Di sisi lain penyebaran sistem peringatan dini gempabumi dan tsunami terganggu saat sistem komunikasi seperti BTS lumpuh sesaat terjadinya gempabumi.

Ia pun memiliki harapan, sistem komunikasi diperkuat dengan satelit khusus untuk mitigasi atau pencegahan bencana yang tarifnya terjangkau.

“Saat ini kami masih berupaya untuk mewujudkan hal tersebut, dengan terus menjalin komunikasi dan berkoordinasi dengan Kementerian Kominfo,” ucapnya.

Pemeliharaan sirine juga membutuhkan keterlibatan dan peran aktif pemerintah daerah. BMKG telah memasang 52 sirine sepanjang 2008 – 2015. BMKG menghibahkan 6 sirene ke Pemprov Sumbar dan 9 sirene ke Pemprov Bali.

Dwikorita menjelaskan, keberadaan sirine sangat penting. Sirine menjadi bagian dari rangkaian sistem peringatan dini yang juga meliputi peta bahaya tsunami, peta evakuasi serta sarana prasarana evakuasi seperti jalur evakuasi, rambu evakuasi dan shelter tempat pengungsian.

BMKG terus mengedukasi masyarakat tidak hanya bergantung pada sirine mengingat tsunami bisa lebih cepat terjadi.

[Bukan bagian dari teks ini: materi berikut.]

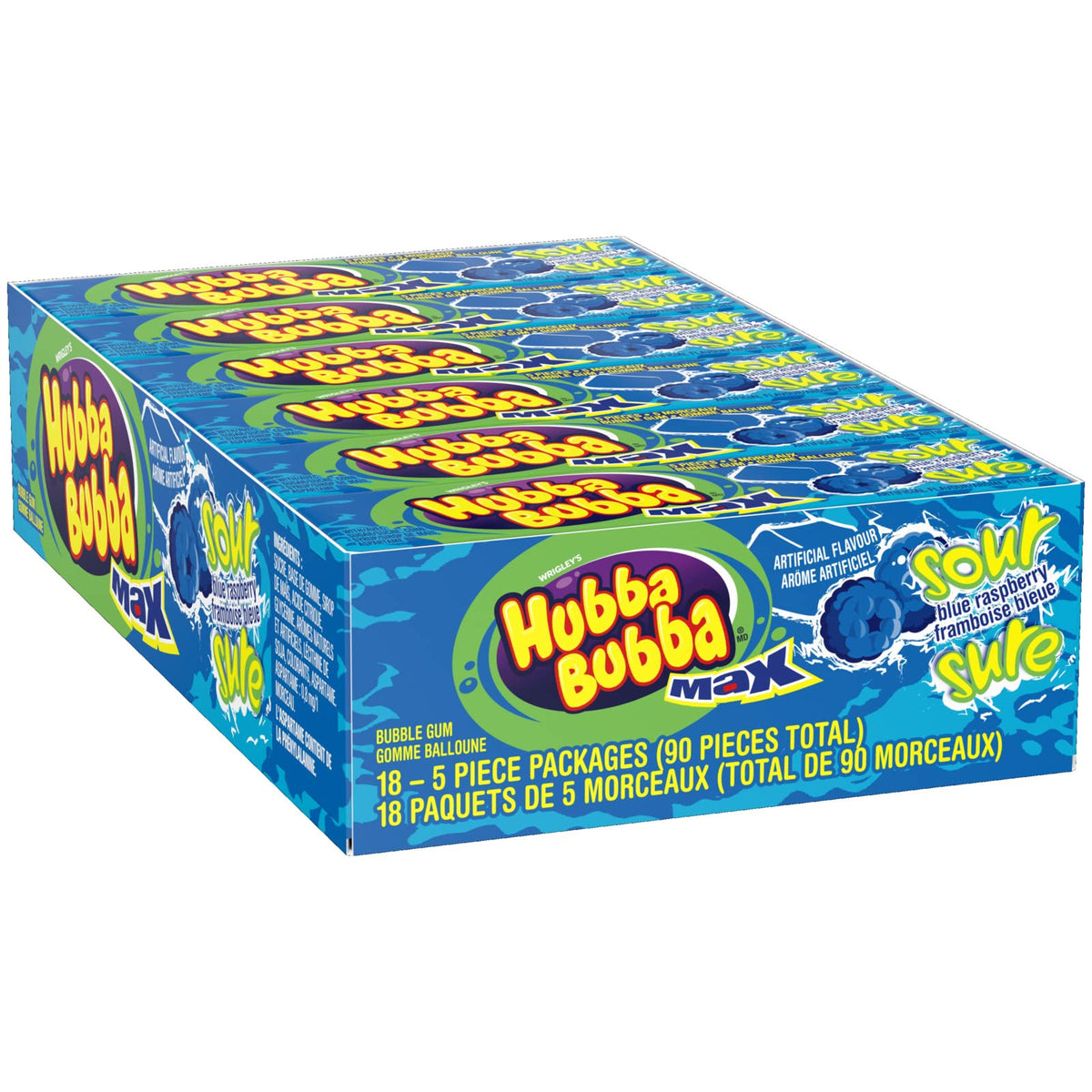 Hubba Bubba Max Sour Blue Raspberry (Pack of 18) (Imported from Canada)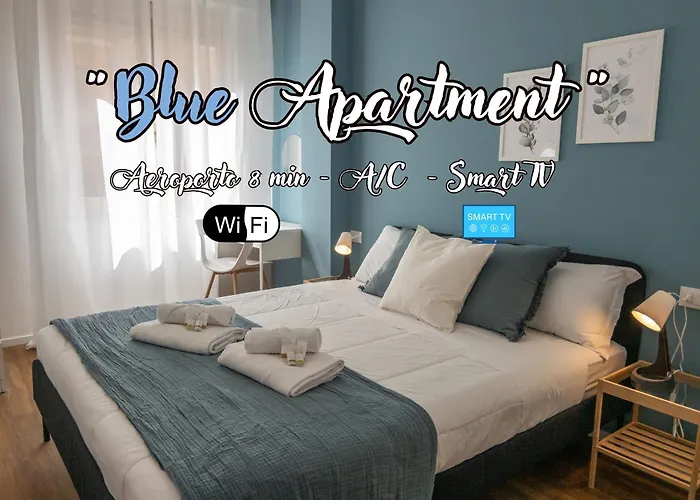 Blue Apartment - Airport 8 Min - Ac - Smart Tv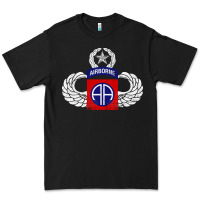 Black 82nd Airborne Div Parachutist Wings and Patch - Distressed Premium Tee - baoMotion
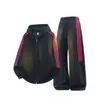 Conjunto de sudadera y pantalón de chándal a rayas de estilo americano moderno para primavera y otoño, conjunto deportivo casual holgado para hombre que adelgaza, talla grande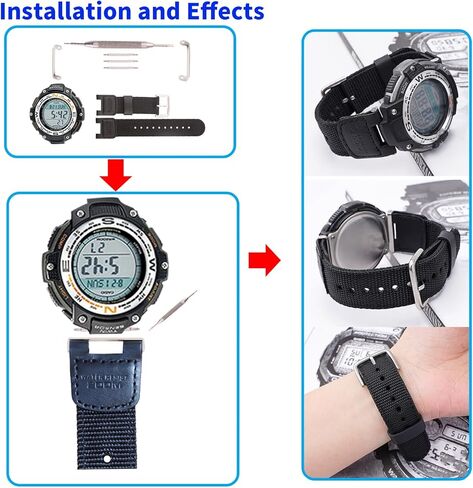 MMBAY 24mm نايلون جلد ووتش العصابات استبدال صالح لكاسيو G-Shock SGW-100 SGW-200 GW-3000B GW-3500B حزام Wirstband للرجال والنساء سوار ووتش الملحقات in Kuwait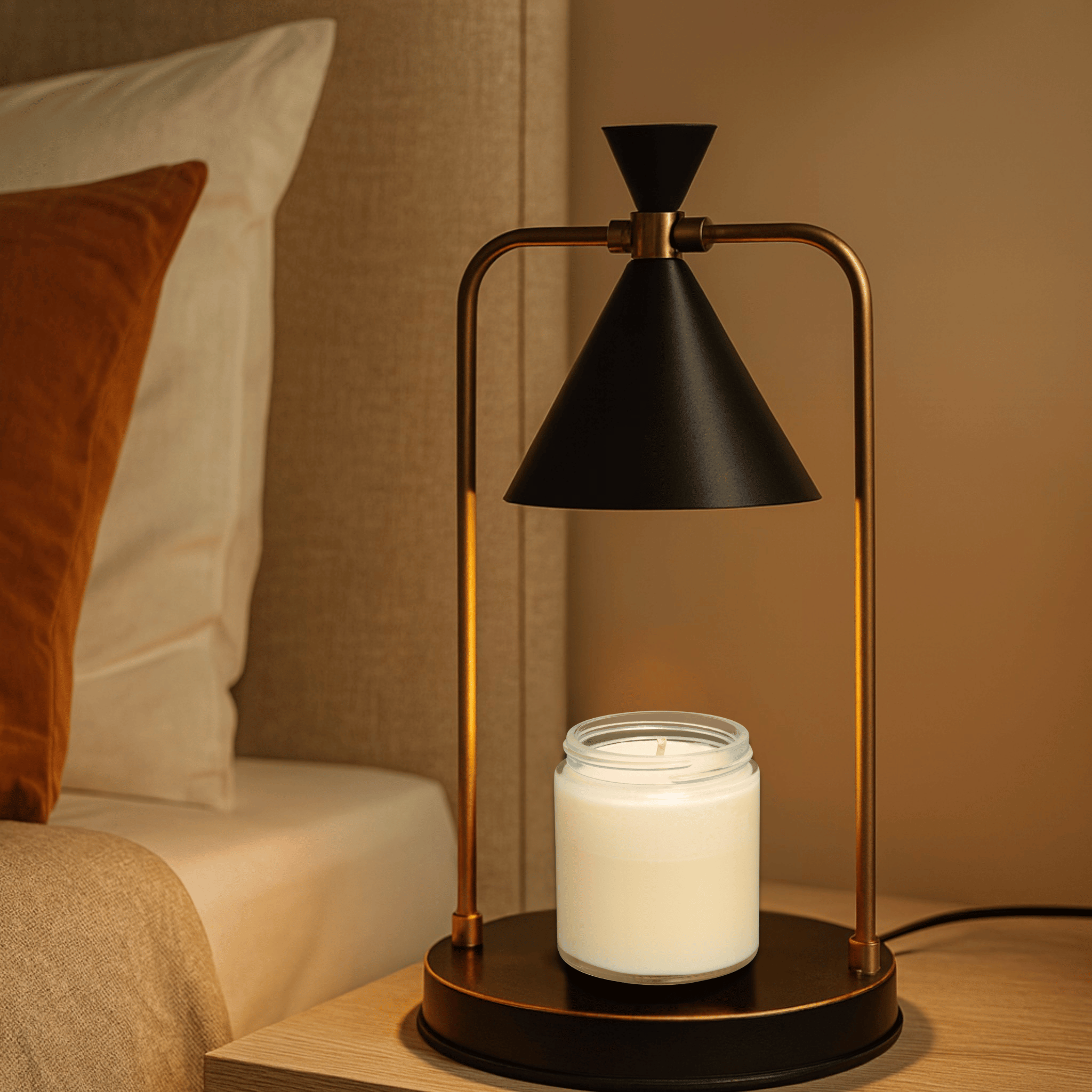 Copper Candle Warmer Lamp with Dimmer Light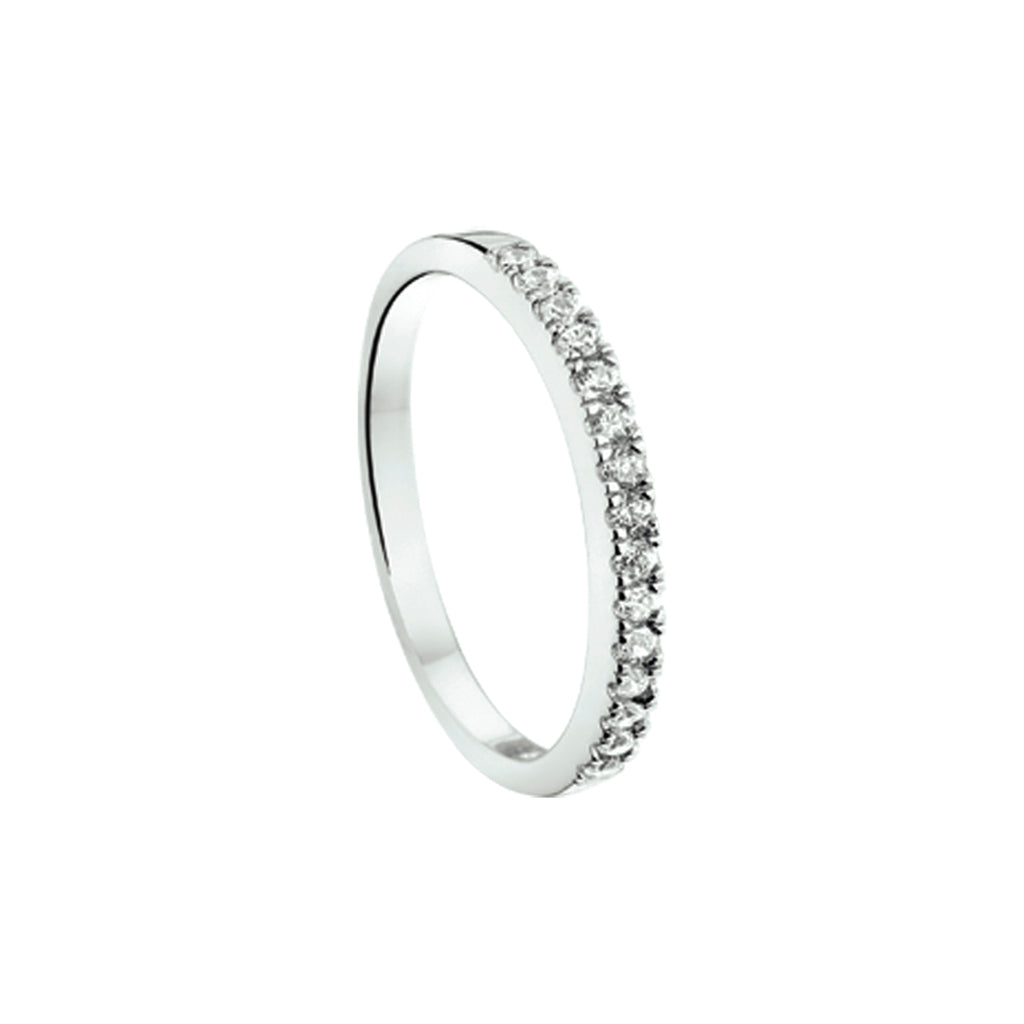 Zilveren aanschuif ring - Gerhodineerd - Zirkonia - Maat 17.75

Guncangan tanah kuat menjadi salah satu alarm peringatan dini.

“Masyarakat, utamanya di daerah pesisir pantai harus mengevakuasi diri ke tempat yang lebih tinggi, jika merasakan guncangan atau ayunan tanah yang menerus selama beberapa detik, tanpa harus menunggu sirine berbunyi. Guncangan atau ayunan tanah tersebut dapat diakibatkan oleh gempabumi atau longsor tebing pantai ke laut ataupun longsor laut,” paparnya.

Sistem peringatan dini juga memberi ruang kearifan lokal seperti kentongan, pengeras suara di masjid menjadi sarana memperkuat mitigasi bencana.